I didn’t hang out with the guys after we won, rather, I stuck close to the diamond with a couple of guys I had played with years before. Role models from the Financial League. When they found out we were in the provincial final, they drove up from Saskatoon to watch, about a two-hour drive. I don’t think any of my Oliver Jets team mates knew these guys were there, or how much they had meant to my development as a ball player. To this day, I don’t even know what the provincial championship trophy looked like. In retrospect, I guess it would have been nice to have had a picture holding it…

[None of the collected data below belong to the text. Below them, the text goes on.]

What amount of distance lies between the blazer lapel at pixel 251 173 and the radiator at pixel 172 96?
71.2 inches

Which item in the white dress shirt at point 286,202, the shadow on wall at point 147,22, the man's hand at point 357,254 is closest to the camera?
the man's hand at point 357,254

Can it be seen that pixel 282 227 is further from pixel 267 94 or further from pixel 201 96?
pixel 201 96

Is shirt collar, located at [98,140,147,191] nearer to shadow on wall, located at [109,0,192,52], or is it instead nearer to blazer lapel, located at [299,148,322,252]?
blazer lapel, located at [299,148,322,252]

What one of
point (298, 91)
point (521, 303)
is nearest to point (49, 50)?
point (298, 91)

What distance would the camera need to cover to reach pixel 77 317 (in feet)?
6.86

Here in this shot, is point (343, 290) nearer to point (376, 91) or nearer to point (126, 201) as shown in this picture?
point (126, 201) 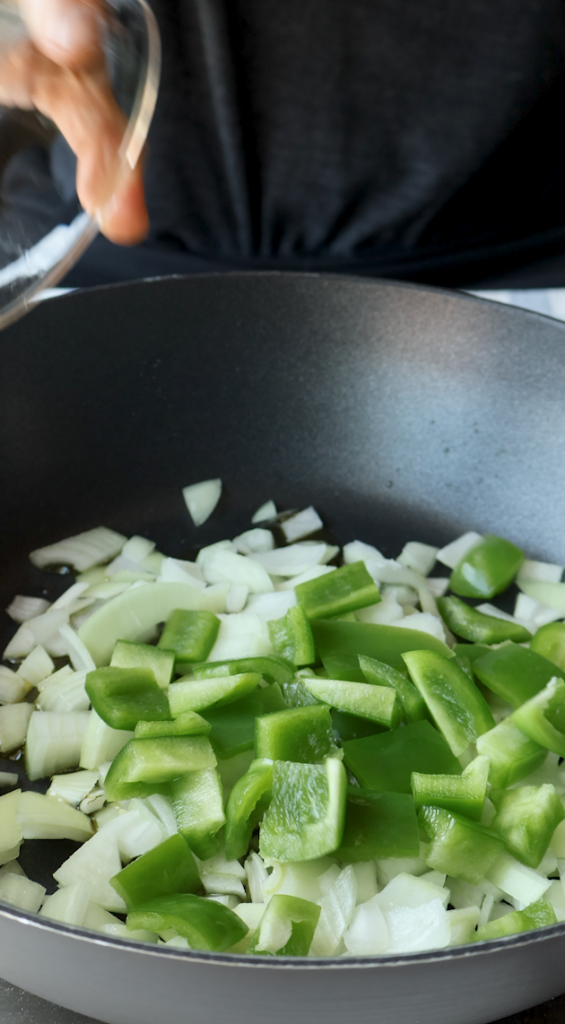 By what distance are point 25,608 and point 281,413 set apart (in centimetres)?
49

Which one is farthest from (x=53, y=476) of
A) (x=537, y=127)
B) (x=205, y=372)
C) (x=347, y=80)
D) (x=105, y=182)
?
(x=537, y=127)

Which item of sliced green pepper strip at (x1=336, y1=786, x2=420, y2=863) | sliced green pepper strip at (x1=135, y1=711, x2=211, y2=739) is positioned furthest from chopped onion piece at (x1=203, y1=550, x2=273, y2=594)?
sliced green pepper strip at (x1=336, y1=786, x2=420, y2=863)

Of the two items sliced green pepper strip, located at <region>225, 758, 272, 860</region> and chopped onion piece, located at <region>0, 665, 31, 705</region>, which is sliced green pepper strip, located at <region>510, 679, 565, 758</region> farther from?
chopped onion piece, located at <region>0, 665, 31, 705</region>

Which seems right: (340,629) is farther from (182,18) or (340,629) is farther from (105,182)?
(182,18)

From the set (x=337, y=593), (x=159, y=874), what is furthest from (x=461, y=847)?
(x=337, y=593)

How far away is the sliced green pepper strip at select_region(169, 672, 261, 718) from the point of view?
0.90 m

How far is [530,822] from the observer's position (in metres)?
0.80

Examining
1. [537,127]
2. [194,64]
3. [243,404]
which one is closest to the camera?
[243,404]

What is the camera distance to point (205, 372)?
1312mm

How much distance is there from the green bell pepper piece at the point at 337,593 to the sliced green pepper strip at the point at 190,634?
12 cm

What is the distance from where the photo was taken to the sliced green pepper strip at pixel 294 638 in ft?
3.26

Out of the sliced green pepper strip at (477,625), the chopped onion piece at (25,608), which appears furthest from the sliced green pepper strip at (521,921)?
the chopped onion piece at (25,608)

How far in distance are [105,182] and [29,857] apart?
70 centimetres

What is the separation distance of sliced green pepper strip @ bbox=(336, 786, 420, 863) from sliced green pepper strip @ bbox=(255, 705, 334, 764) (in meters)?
0.07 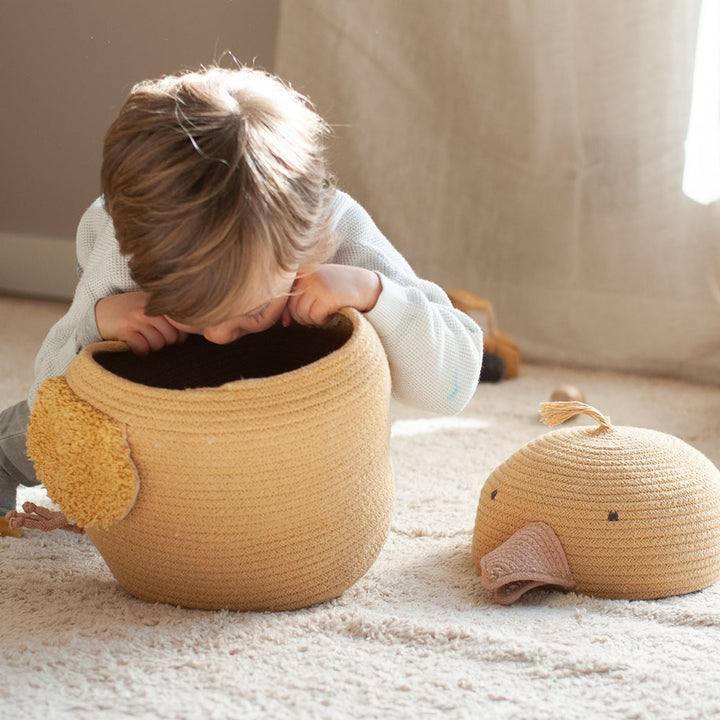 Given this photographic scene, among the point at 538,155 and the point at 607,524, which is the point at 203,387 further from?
the point at 538,155

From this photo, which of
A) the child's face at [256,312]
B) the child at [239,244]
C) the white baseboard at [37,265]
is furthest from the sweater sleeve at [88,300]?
the white baseboard at [37,265]

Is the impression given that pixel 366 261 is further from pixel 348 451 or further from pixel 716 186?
pixel 716 186

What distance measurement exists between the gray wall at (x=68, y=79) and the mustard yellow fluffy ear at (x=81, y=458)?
3.60 feet

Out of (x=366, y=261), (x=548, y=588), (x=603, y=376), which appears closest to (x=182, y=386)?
(x=366, y=261)

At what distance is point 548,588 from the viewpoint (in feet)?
2.73

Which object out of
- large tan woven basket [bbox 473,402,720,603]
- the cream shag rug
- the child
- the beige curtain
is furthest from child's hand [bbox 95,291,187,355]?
the beige curtain

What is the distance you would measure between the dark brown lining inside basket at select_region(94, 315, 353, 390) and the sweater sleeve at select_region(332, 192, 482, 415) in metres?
0.07

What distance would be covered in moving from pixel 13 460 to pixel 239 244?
456 mm

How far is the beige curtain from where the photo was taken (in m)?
1.71

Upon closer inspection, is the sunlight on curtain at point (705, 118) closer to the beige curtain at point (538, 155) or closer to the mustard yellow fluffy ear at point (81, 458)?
the beige curtain at point (538, 155)

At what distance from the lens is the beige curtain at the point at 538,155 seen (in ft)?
5.59

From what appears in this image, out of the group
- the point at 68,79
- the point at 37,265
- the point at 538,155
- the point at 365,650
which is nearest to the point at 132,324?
the point at 365,650

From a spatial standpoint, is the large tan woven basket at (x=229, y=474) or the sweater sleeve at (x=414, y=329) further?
the sweater sleeve at (x=414, y=329)

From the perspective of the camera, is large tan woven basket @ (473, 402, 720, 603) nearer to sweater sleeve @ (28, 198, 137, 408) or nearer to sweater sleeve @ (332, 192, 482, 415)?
sweater sleeve @ (332, 192, 482, 415) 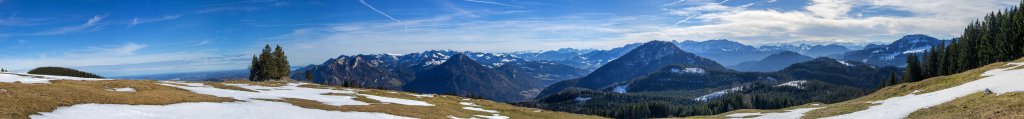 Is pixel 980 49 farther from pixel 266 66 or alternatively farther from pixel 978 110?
pixel 266 66

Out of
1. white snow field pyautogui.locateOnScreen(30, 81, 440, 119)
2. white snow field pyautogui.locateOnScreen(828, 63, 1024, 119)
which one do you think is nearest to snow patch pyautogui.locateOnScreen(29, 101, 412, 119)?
white snow field pyautogui.locateOnScreen(30, 81, 440, 119)

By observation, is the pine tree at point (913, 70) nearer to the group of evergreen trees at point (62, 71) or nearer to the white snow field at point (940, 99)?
the white snow field at point (940, 99)

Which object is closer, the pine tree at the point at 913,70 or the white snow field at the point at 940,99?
the white snow field at the point at 940,99

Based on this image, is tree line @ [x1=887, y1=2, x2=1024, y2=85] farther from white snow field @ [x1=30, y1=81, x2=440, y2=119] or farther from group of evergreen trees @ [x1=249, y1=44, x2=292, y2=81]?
group of evergreen trees @ [x1=249, y1=44, x2=292, y2=81]

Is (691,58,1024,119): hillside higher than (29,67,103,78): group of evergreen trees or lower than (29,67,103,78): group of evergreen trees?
lower

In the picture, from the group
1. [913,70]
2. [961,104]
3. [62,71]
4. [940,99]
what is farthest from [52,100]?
[913,70]

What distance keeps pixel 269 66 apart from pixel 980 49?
177460mm

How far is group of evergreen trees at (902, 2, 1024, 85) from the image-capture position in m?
118

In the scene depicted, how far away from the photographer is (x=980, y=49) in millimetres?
138750

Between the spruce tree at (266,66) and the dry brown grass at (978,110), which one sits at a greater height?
the spruce tree at (266,66)

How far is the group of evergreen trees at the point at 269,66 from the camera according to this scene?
166 meters

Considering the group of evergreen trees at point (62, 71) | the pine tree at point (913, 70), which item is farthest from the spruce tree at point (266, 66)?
the pine tree at point (913, 70)

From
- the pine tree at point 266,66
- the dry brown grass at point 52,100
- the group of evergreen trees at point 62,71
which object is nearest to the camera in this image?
the dry brown grass at point 52,100

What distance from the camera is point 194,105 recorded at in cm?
4138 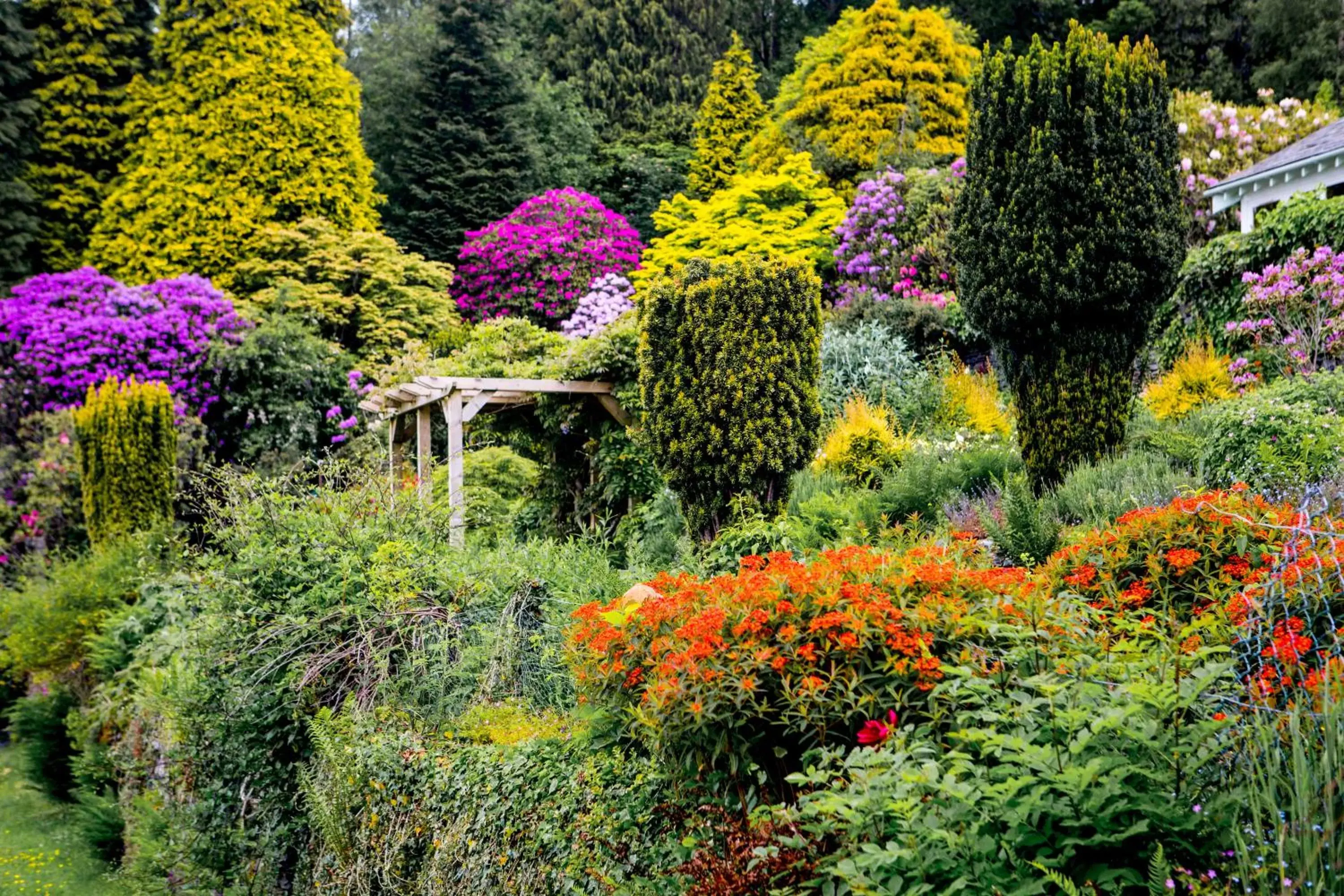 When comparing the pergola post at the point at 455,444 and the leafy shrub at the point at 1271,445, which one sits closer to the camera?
the leafy shrub at the point at 1271,445

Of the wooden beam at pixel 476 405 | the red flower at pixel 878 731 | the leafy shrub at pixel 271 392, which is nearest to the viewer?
the red flower at pixel 878 731

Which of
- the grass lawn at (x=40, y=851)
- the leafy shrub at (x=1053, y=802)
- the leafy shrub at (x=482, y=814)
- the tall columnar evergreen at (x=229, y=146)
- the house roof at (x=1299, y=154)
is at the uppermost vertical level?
the tall columnar evergreen at (x=229, y=146)

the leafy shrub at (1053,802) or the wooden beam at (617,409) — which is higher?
the wooden beam at (617,409)

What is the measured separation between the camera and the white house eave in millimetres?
12797

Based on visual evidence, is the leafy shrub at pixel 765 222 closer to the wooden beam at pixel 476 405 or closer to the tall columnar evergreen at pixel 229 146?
the tall columnar evergreen at pixel 229 146

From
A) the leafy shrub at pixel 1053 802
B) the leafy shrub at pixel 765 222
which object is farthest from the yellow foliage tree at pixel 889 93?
the leafy shrub at pixel 1053 802

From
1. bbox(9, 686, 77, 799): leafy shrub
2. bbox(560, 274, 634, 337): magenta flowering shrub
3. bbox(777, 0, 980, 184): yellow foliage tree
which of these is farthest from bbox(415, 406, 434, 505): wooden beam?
bbox(777, 0, 980, 184): yellow foliage tree

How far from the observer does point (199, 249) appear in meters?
18.4

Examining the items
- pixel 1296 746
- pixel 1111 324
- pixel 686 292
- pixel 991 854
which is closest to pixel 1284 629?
pixel 1296 746

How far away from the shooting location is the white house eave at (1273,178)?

That provincial championship was certainly the highlight!  We travelled to Steveston, B.C. about three weeks later for the Western Canadian Championship. We played 10 games in four days, settling for a silver medal after the team from Minnedosa, Manitoba beat us twice on the last day.

I suppose for many of us on that team, one might suggest that we kind of grew up together during those years. Girl friends became wives, some couples began to have children, then wives became ex-wives! Good times for the most part back in the day with that group. We were young, mostly in our mid- to late-20’s. A couple of fellas were a bit longer-in-the-tooth.

I always felt like an outcast on that team. Before joining this group, I had played for three years in what was called the “Financial League” in Saskatoon. There were some damn good players in that loop, and I learned from some great ones. But, the league didn’t really garner too much respect from the supposed upper-echelon types in the city who played in a division they called “Special Men’s” or “First Division”. On the diamond, I suppose I usually arrived on the scene with a chip on my shoulder, but I knew I could play at this level and I knew I could be a go-to-guy. And I just loved to hit!

Away from the games, I didn’t really do the kinds of things folks do to try and fit in. I was mired in a lousy relationship at the time, a three-year mess that often had me off-balance, both at work and at play. Ball games were the best diversion I had access to and I wore my heart on my sleeve. I seldom showed respect for opponents, although there are many guys from other teams that to this day know full well I admired their skill and commitment. A bunch of ‘em were so good, they absolutely forced me to become a better player.

I was hard on my team mates, too. We had guys that simply could not get a bunt down or hit a bloody cut-off man. Geezuz…this was the fundamentally basic stuff! Just get the f****** bunt down! And it always bothered me that there were guys who were very intense when things were going well, really committed, but when things were kind of crummy, they would sluff it all off and suggest that we were only there to have fun. In retrospect, maybe their’s was the right perspective, but I couldn’t wrap my brain around it back then. I figured it out around the time my ball playing days were winding down, when I had other priorities in my life. I was a win-at-all-costs guy most of the time, but probably a bit on the immature side.
It was always fun to be a contributor to the team concept. The camaraderie feels great at times. But there are also so many reasons why I gravitated to playing golf as I’ve grown older. When you play golf well, you have earned all of the credit for the peak performances. When you play badly, you shoulder 100% of the blame. There is tremendous equity and balance in that reality.

I’ve stayed in touch with a couple of guys from that ball team, but the rest; who knows? I do hope they’re all enjoying life. They were around for many of the highs and lows in my life, as an athlete and as a person. It might be an interesting reunion someday.